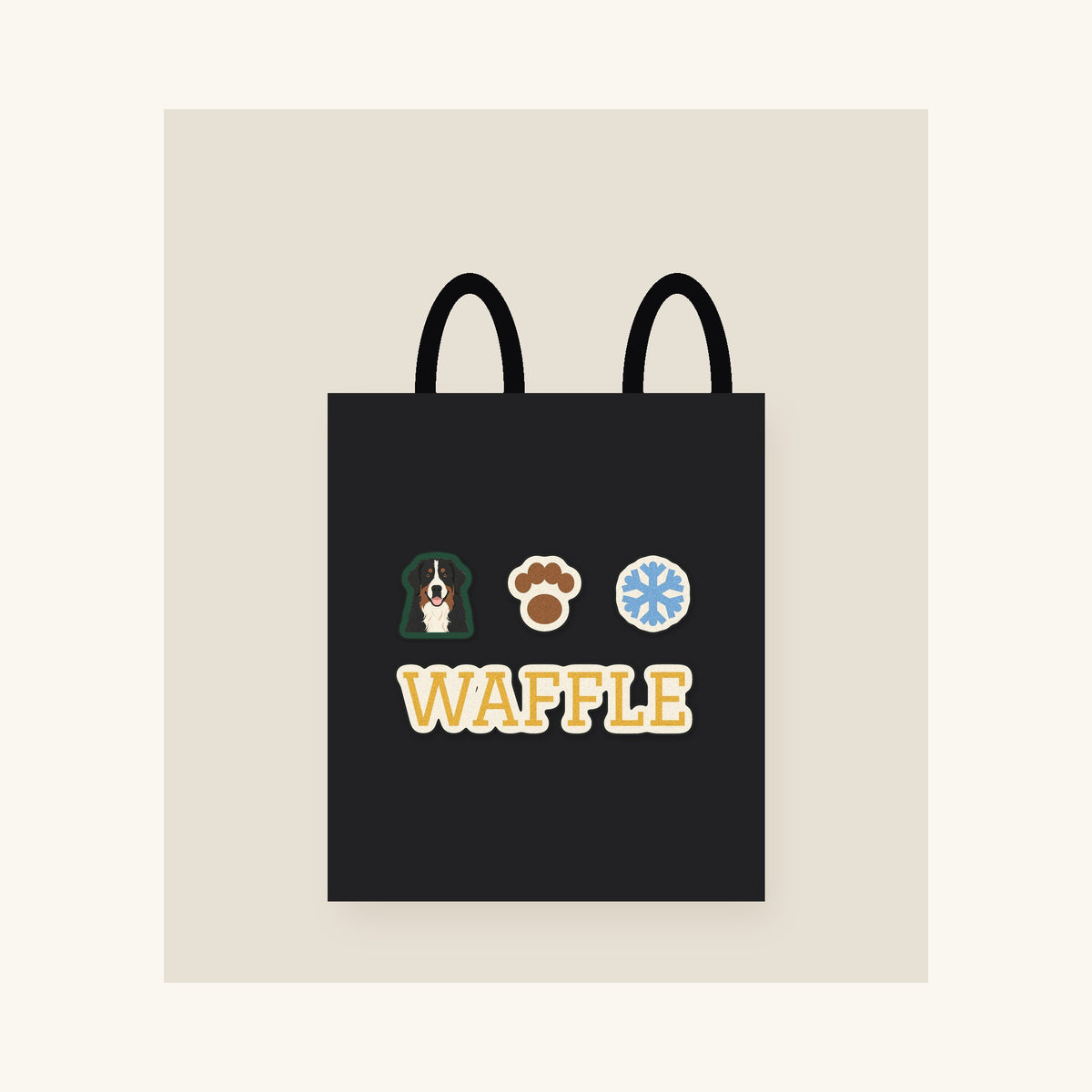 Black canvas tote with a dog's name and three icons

* * *

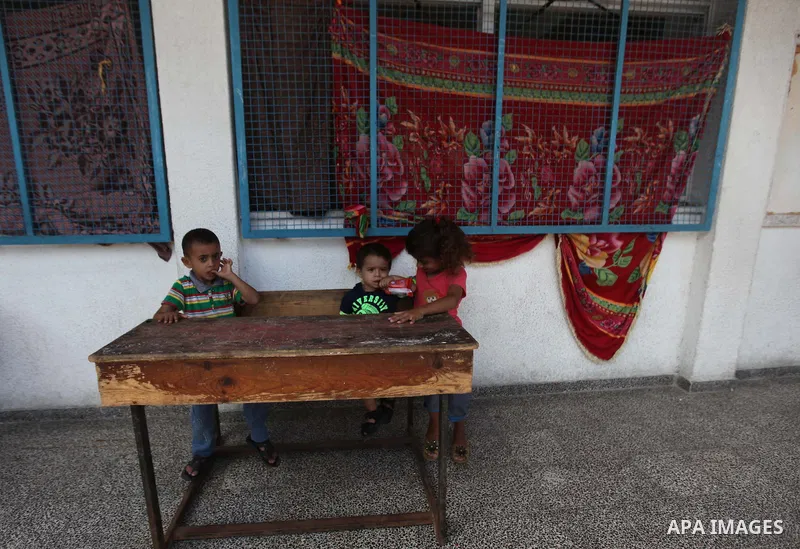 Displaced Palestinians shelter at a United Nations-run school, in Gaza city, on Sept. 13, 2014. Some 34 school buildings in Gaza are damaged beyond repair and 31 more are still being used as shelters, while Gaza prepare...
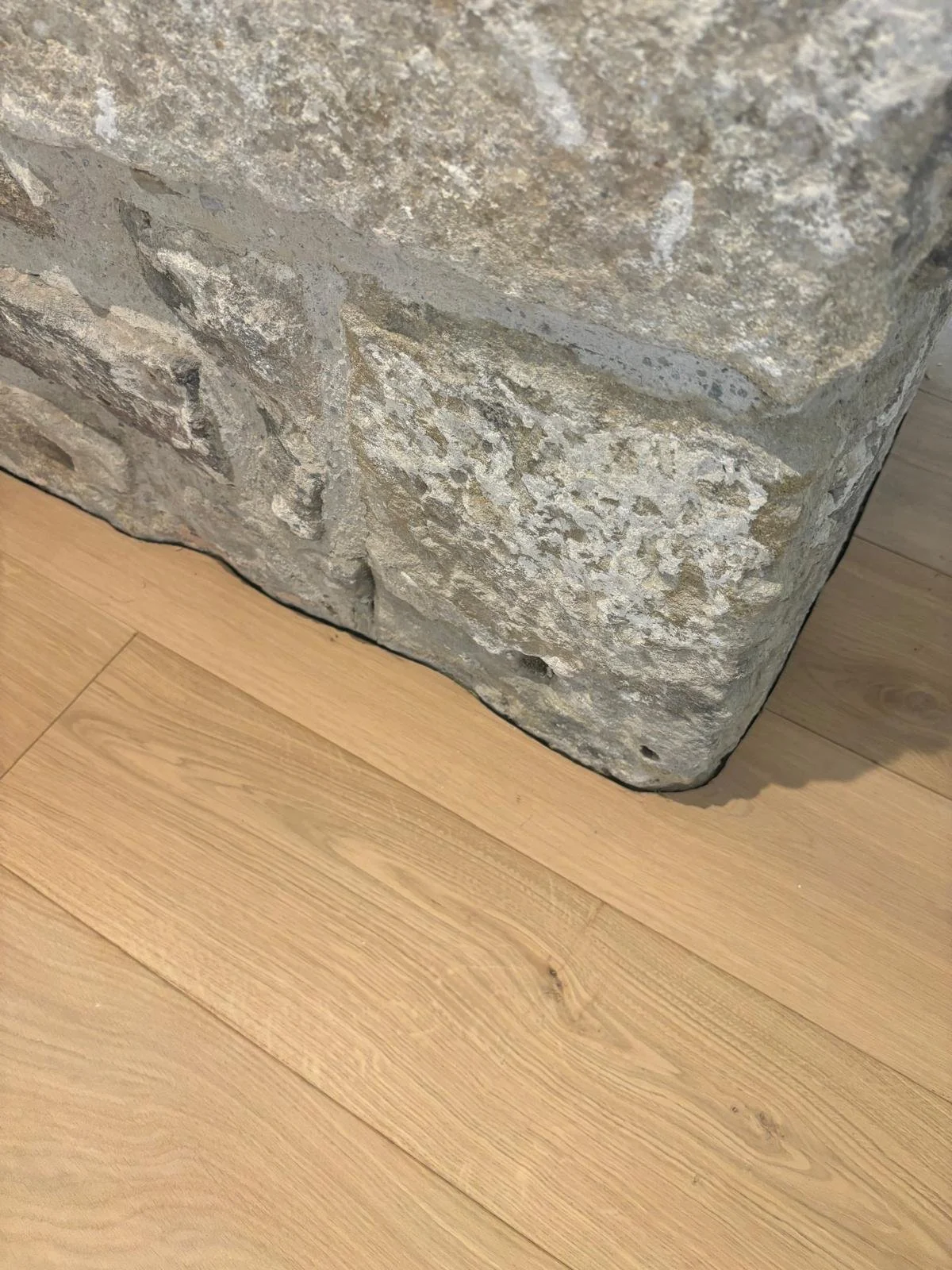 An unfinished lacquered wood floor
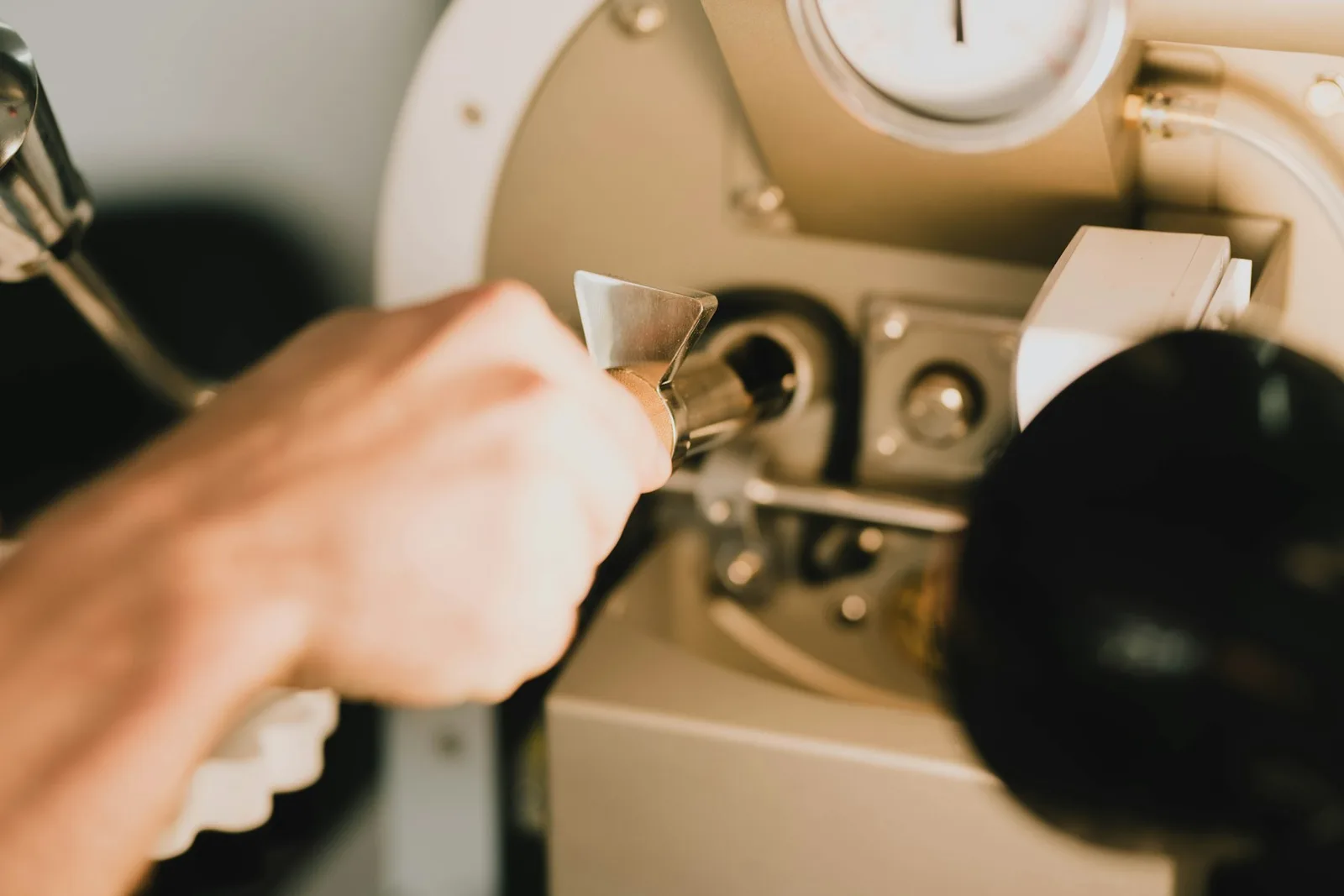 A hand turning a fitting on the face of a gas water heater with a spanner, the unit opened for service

--

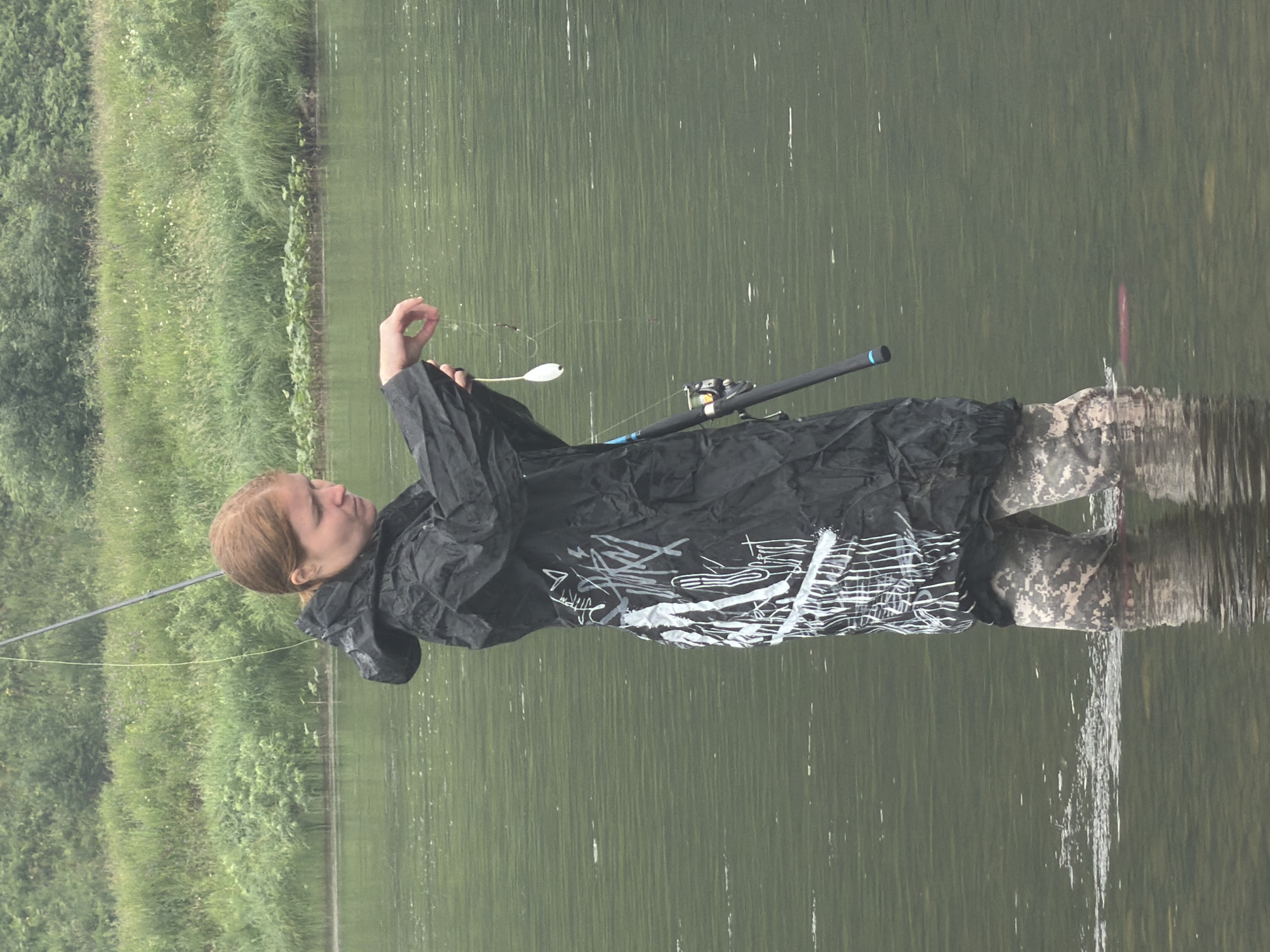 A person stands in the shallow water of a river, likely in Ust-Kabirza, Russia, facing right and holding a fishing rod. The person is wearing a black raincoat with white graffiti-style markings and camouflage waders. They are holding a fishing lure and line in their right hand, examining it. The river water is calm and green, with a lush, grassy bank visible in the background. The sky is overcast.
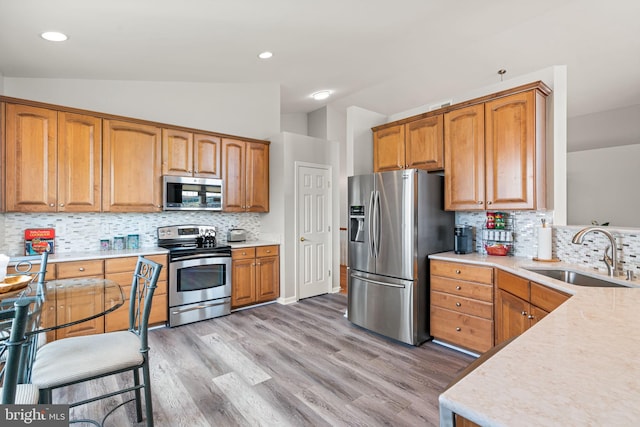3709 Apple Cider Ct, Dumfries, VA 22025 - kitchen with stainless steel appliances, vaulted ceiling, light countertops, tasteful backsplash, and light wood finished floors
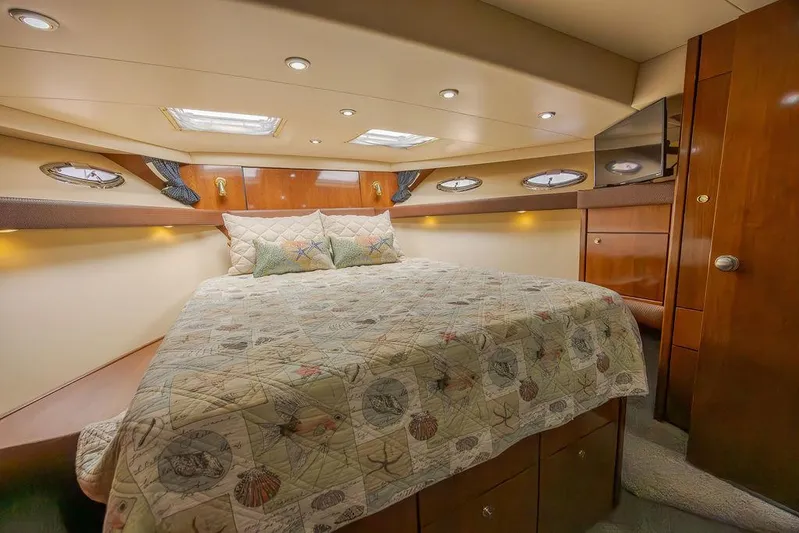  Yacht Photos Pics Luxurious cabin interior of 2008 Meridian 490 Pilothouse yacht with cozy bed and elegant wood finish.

→ **What is expected**: All that should appear in the answer is the lines above from the line with "Displaced Palestinians shelter" through the line with "An unfinished lacquered wood floor", retyped exactly, pictures left out.

→ **Written solution**:
 Displaced Palestinians shelter at a United Nations-run school, in Gaza city, on Sept. 13, 2014. Some 34 school buildings in Gaza are damaged beyond repair and 31 more are still being used as shelters, while Gaza prepare...
 An unfinished lacquered wood floor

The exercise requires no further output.